Develop a prototype model or process to successfully resolve the business problem you've chosen. Document your work in a technical notebook that can be shared with your peers.

Build upon your earlier analysis, folling the performance metrics you established as part of your problem's evaluation criteria. Demonstrate your approach logically, including all relevant code and data. Polish your notebook for peer audiences by cleanly formatting sections, headers, and descriptions in markdown. Include comments in any code.

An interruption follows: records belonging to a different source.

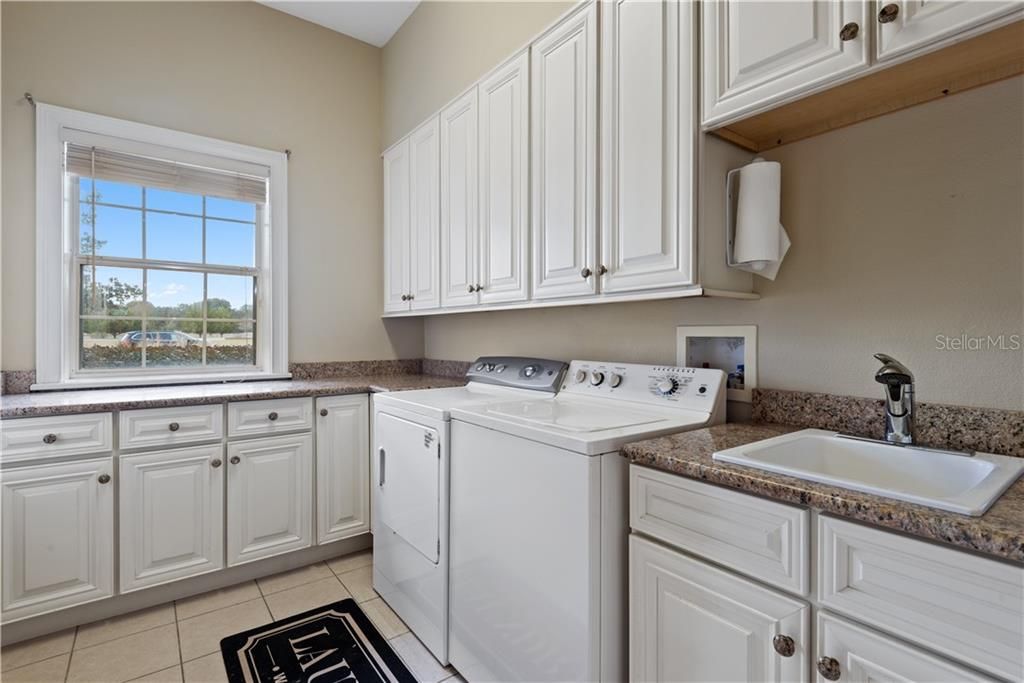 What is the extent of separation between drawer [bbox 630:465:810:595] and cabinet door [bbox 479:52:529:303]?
104 cm

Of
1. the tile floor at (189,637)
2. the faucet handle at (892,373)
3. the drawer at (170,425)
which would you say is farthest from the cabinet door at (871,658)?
the drawer at (170,425)

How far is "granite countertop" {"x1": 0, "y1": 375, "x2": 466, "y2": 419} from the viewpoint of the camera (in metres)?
1.94

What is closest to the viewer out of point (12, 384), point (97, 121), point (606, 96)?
point (606, 96)

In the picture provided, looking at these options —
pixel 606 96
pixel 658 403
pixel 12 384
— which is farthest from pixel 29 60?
pixel 658 403

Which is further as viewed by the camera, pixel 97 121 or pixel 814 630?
pixel 97 121

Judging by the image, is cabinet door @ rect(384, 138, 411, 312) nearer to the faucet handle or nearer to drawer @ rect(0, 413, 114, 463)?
drawer @ rect(0, 413, 114, 463)

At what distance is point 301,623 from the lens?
81.5 inches

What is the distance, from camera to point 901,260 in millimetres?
1309

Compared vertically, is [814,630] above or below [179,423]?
below

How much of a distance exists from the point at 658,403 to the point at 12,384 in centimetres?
277

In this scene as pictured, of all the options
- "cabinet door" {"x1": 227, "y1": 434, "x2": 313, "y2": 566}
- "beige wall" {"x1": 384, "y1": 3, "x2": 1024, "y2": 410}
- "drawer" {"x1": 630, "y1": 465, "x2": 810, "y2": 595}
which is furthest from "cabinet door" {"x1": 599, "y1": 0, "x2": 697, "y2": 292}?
"cabinet door" {"x1": 227, "y1": 434, "x2": 313, "y2": 566}

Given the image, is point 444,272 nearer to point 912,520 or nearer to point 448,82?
point 448,82

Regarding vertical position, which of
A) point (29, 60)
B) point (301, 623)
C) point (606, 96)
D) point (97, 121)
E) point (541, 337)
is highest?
point (29, 60)

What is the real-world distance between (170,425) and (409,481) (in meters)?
1.11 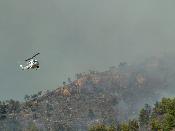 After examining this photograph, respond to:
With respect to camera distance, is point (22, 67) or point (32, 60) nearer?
point (32, 60)

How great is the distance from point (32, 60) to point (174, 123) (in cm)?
11605

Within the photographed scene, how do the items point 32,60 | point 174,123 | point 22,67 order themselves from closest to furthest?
Answer: point 32,60, point 22,67, point 174,123

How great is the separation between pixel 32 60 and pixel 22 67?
1256 centimetres

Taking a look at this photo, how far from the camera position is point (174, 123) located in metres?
199

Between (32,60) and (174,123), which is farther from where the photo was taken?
(174,123)

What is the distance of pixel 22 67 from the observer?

1. A detailed Jupyter Notebook with a summary of your analysis, approach, and evaluation metrics.
2. Clearly formatted structure with section headings and markdown descriptions.
3. Comments explaining your code.

## (i) Organising the data

In [1]:
from glob import glob
import os 
import shutil
import pandas as pd

ham_df = pd.read_csv("./data/HAM10000_metadata.csv")

In [2]:
# Credit to Kevin Mader for this code
base_skin_dir = os.path.join(".", "data")

imageid_path_dict = {os.path.splitext(os.path.basename(x))[0]: x
                     for x in glob(os.path.join(base_skin_dir, "*", "*.jpg"))}

ham_df['path'] = ham_df['image_id'].map(imageid_path_dict.get)

In [3]:
# Placing label (diagnosis) into the name of image file
for dx, filename in zip(ham_df['dx'], ham_df['path']):
    path = filename[0:30]
    image_id = filename[-12:]
    os.rename(filename, path+dx+image_id)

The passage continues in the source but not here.